Walter De Maria is an American artist, who’s work was on the front line of several art historical movements of the twentieth century, such as conceptual, installation and land art. De Maria uses repeated geometrical shapes within various landscapes to create his sculptural installations. Through his use of particularly simple elements and themes, “he creates a greater depth of perceptual understanding”[2]. De Maria creates spaces in which the conceptual surpasses anything else.

     His piece The Broken Kilometer, created in 1979 can still be seen at 393 West Broadway in New York City. De Maria’s installation piece is constituted of 500 round, solid brass rods placed across the floor of an open room with Corinthian columns. There are five parallel rows of 100 rods. Each rod measures exactly two meters in length and five centimetres in diameter. The space between each rod increases by five millimetres with each consecutive space. Therefore, the first rods are 80 millimetres apart and the last ones are 570 millimetres apart. The complete installation measures 125 feet long and 45 feet wide, and if placed end to end, the rods would extend to exactly one kilometre.

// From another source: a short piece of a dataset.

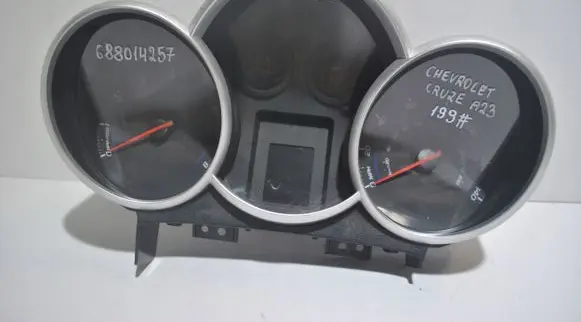 Chevrolet Cruze Speedometer (instrument cluster) 95080026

     Several elements from De Maria’s installation have inspired my work. For example, the use of symmetrical and linear objects. Linear shapes can be representative of distance, as well as time and rigidity, which are elements I wish to focus on. His use of simple and minimalistic material allows for a more complex perception of basic objects. I wish to explore this idea of complex within the mundane within my own work. In his work he interrogates the use of space and landscape and the way they can be perceived. He has pushed boundaries of what a typical white cube space can allow. Several of his installations are directly linked to natural landscapes and the outdoors. I wish to create a space that incorporates the outdoors as well as the indoors, through the use of collected material and their specific placement. In another way, De Maria brings the artificial into the natural world, by placing his geometrical sculptures outside, however I seek to reflect on the natural body in relation to geometrical objects.

   Walter De Maria’s works are highly calculated and measured to create perfect symmetry. I wish to explore these notions of symmetrical perfection in relation to the limitations of the human body. By using artificially made straight objects and comparing them to my own body, I wish to expose these opposites through the fluidity of movement and the harsh rigidity of the material. In my work I am demonstrating how my body cannot fulfil symmetrical perfection without the help of technology or mathematics. My body is not perfectly straight in any way.